■ **Activity**
The part below that opens with the line containing "Person at podium talking to other people" and closes with the line containing "El cineasta Tim" should be copied exactly, minus any pictures.

[Material provided Boundary: Start]

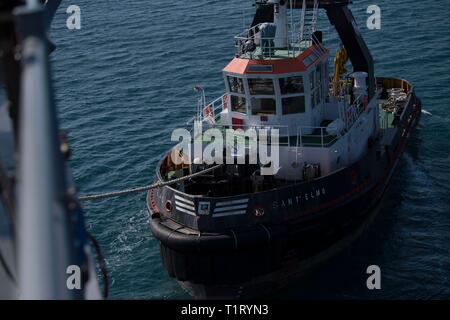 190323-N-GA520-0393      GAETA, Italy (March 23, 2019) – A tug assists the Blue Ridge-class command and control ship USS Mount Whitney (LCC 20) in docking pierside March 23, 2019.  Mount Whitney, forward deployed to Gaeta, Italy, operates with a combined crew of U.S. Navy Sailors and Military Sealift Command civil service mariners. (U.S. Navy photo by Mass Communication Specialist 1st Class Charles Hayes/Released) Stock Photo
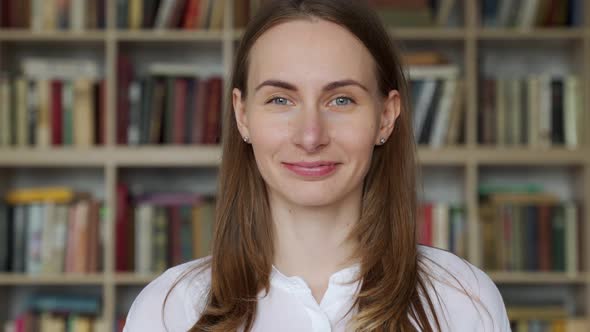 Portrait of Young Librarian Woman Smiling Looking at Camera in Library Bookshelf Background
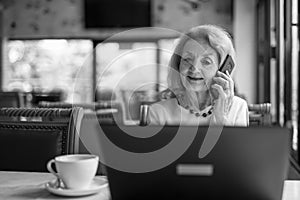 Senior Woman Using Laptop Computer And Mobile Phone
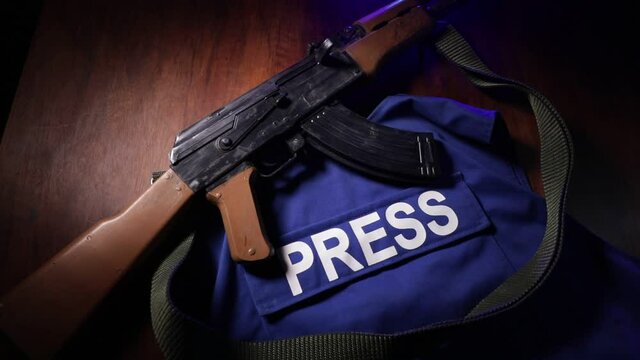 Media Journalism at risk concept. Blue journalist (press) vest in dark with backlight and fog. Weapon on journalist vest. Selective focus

[Material provided Boundary: End]
[Material provided Boundary: Start]

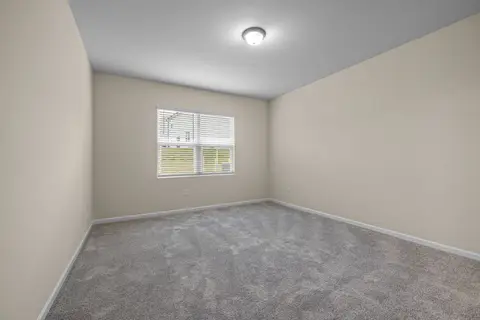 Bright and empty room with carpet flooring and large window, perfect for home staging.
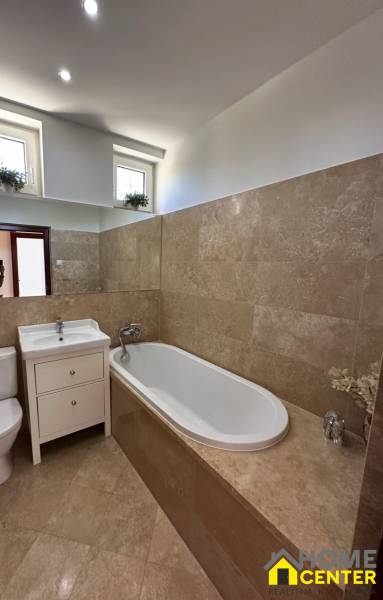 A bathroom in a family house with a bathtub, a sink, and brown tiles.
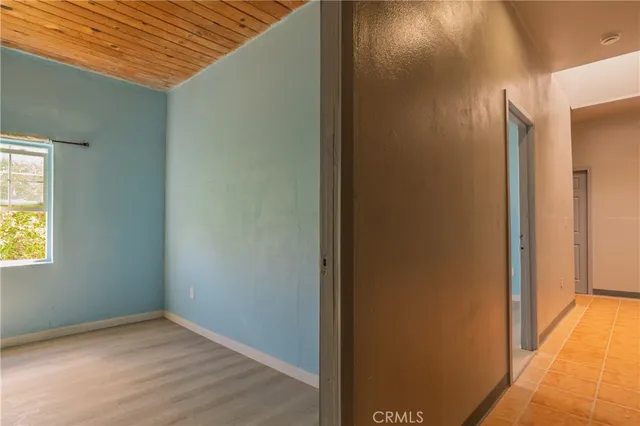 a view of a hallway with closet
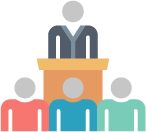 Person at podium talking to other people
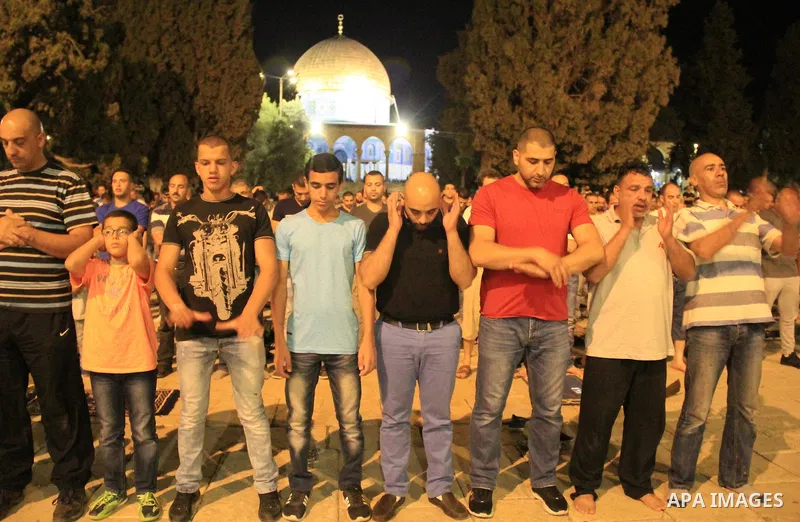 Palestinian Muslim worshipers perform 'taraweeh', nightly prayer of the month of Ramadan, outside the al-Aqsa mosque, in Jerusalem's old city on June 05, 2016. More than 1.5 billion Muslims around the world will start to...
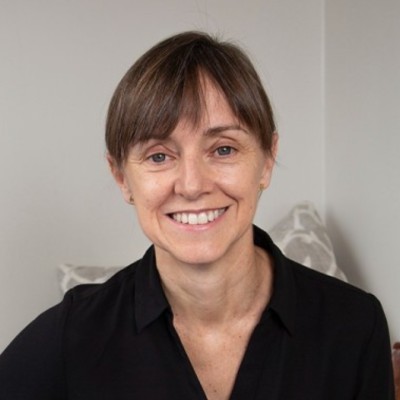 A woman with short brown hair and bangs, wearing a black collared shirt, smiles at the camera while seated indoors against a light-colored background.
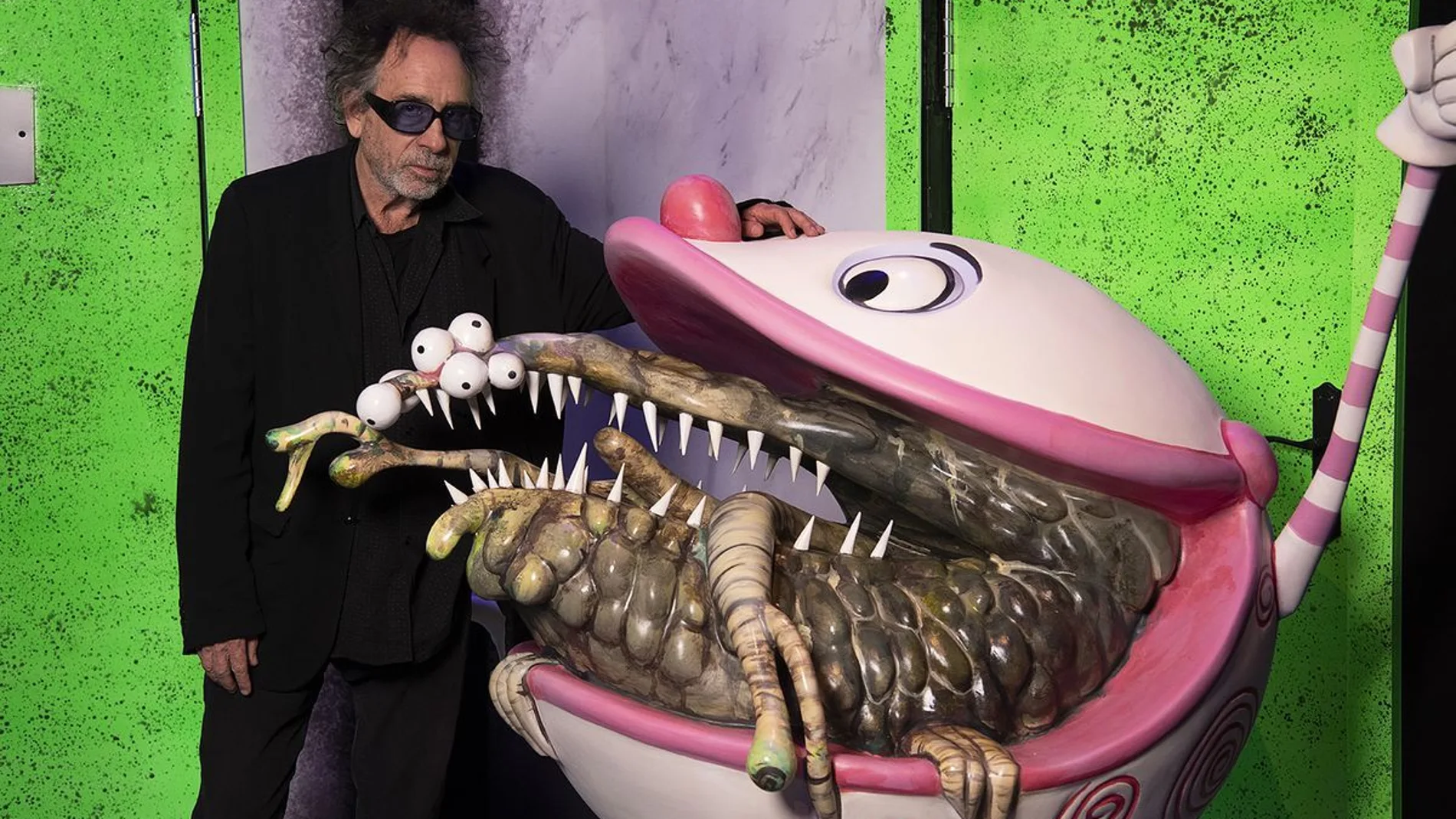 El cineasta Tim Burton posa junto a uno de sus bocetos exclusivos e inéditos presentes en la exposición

[Material provided Boundary: End]

■ **Result of the task**
 Person at podium talking to other people
 Palestinian Muslim worshipers perform 'taraweeh', nightly prayer of the month of Ramadan, outside the al-Aqsa mosque, in Jerusalem's old city on June 05, 2016. More than 1.5 billion Muslims around the world will start to...
 A woman with short brown hair and bangs, wearing a black collared shirt, smiles at the camera while seated indoors against a light-colored background.
 El cineasta Tim Burton posa junto a uno de sus bocetos exclusivos e inéditos presentes en la exposición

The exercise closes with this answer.